Exercise ▸
When you retype the data, keep every word exactly and include none of the pictures.

Collected material ▸
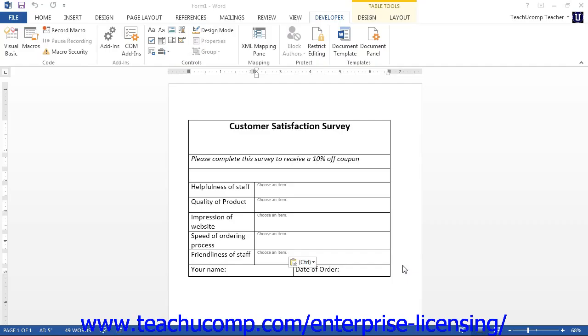In an earlier lesson, you saw how to edit the properties of a control to prevent users from editing the content of a control or deleting the control. Now you will examine how to apply protection to the form itself.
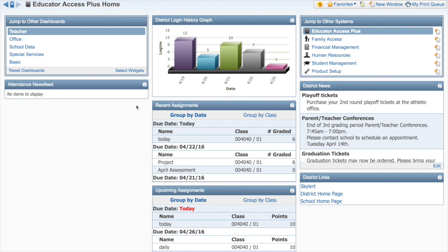With widgets, you can personalize your Skyward dashboard so you can view information that is important to you and quickly and easily access the tools you use most. To get started, click on Select Widgets in the Jump to Other Dashboards box in the upper left.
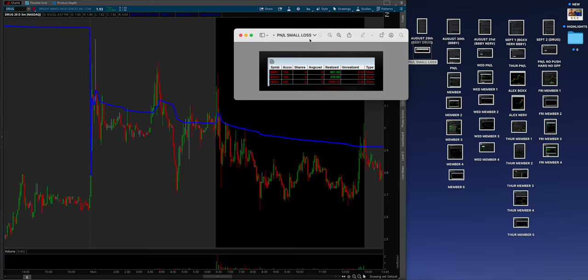Now, one of the things to actually point out is Alex had a red day this day, believe it or not, but it was so tiny. Two weeks ago, Alex made $200,000. Last week, he made $18,000 and this week starting on Monday, he lost $2,000. Like that's nothing.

Task solution ▸
In an earlier lesson, you saw how to edit the properties of a control to prevent users from editing the content of a control or deleting the control. Now you will examine how to apply protection to the form itself.
With widgets, you can personalize your Skyward dashboard so you can view information that is important to you and quickly and easily access the tools you use most. To get started, click on Select Widgets in the Jump to Other Dashboards box in the upper left.
Now, one of the things to actually point out is Alex had a red day this day, believe it or not, but it was so tiny. Two weeks ago, Alex made $200,000. Last week, he made $18,000 and this week starting on Monday, he lost $2,000. Like that's nothing.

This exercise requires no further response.